Hebron is an undeveloped oilfield located offshore Newfoundland and Labrador in the Jeanne d’Arc Basin, 350 kilometres southeast of St. John’s. It was first discovered in 1981. The Herbron field is estimated to have 581-million barrels of recoverable resources.

During the 2010-11 fiscal year, ExxonMobil continued to make progress with its development application. WorleyParsons Canada was awarded the Topsides FEED/EPC contract at an estimated value of $346 million and Kiewit-Aker Contractors was awarded the GBS FEED/EPC contract at a value of $140 million.

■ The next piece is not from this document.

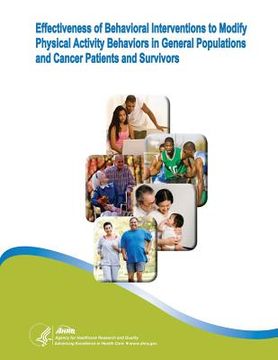 portada Effectiveness of Behavioral Interventions to Modify Physical Activity Behaviors in General Populations and Cancer Patients and Survivors: Evidence Rep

ExxonMobil reported expenditures of $93.2 million for the calendar year, with 40 per cent Canadian content including 34 per cent Newfoundland and Labrador content.

Looking Forward

Ongoing exploratory drilling also holds great promise for the future. In January of this year, Shell Canada Limited was the successful bidder for four separate parcels resulting in $970- million in work expenditure bids offshore Nova Scotia. The work expenditure bid represents the amount of money the bidder intends to spend exploring the land parcels during the initial six-year period of a nine-year exploration licence. The Canada-Nova Scotia Offshore Petroleum Board (C-NSOPB) issued exploratory licences effective March 1st, 2012 to Shell Canada Limited.

No bids were received on the other four parcels included in Call for Bids NS11-1.The next call will be issued in May 2012 with nominations being accepted until March 16, 2012. The C-NSOPB will soon release additional information regarding future Calls for Bids including forecasts of lands which may be included.